EXERCISE DESCRIPTION.
Return only the lines below starting at the line containing "RUCKEN BACCHAR //" and ending at the line containing "PP Kordel, geflochtene", both included, exactly as they are and with no pictures.

PROVIDED RECORDS.
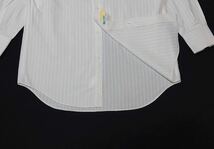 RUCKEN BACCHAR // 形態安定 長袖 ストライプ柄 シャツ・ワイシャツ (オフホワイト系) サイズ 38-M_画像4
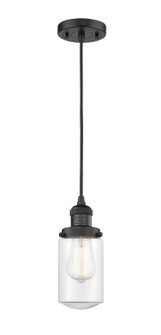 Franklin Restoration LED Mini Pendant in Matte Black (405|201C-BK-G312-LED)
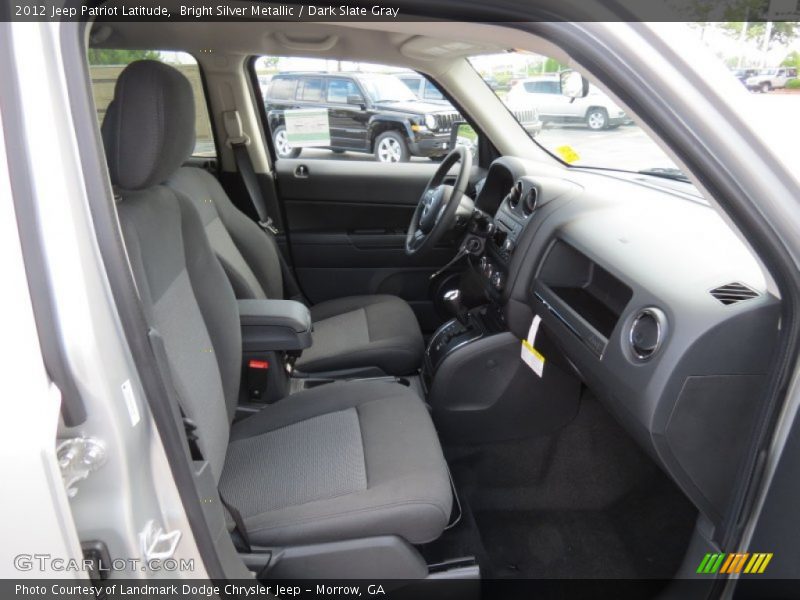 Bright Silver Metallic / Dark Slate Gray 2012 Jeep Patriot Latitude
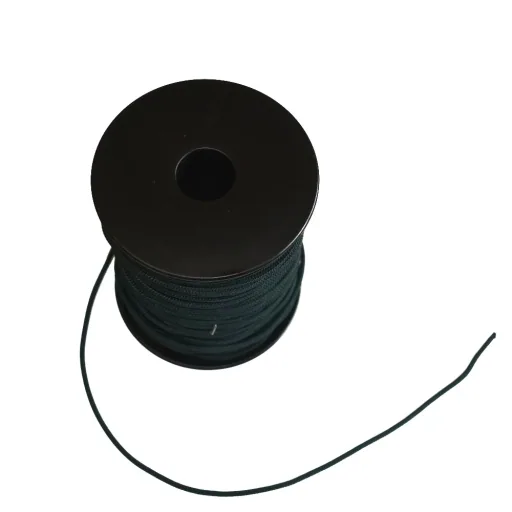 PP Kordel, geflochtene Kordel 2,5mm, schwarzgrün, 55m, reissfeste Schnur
==
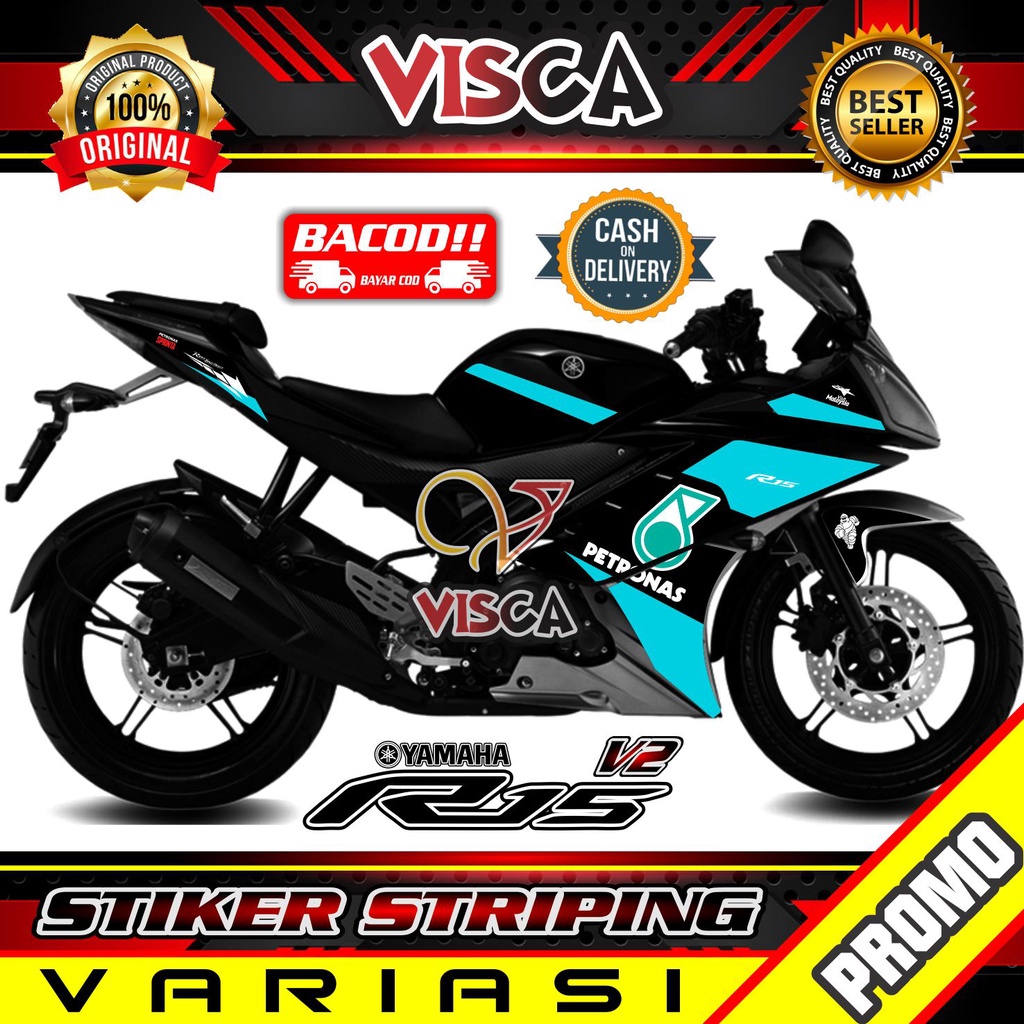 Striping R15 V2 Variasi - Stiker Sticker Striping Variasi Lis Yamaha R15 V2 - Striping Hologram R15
--
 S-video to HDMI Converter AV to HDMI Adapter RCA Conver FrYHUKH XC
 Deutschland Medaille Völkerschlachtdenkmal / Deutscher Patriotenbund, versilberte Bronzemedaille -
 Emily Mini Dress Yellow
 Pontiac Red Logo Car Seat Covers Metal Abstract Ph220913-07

ANSWER TO THIS EXERCISE.
 RUCKEN BACCHAR // 形態安定 長袖 ストライプ柄 シャツ・ワイシャツ (オフホワイト系) サイズ 38-M_画像4
 Franklin Restoration LED Mini Pendant in Matte Black (405|201C-BK-G312-LED)
 Bright Silver Metallic / Dark Slate Gray 2012 Jeep Patriot Latitude
 PP Kordel, geflochtene Kordel 2,5mm, schwarzgrün, 55m, reissfeste Schnur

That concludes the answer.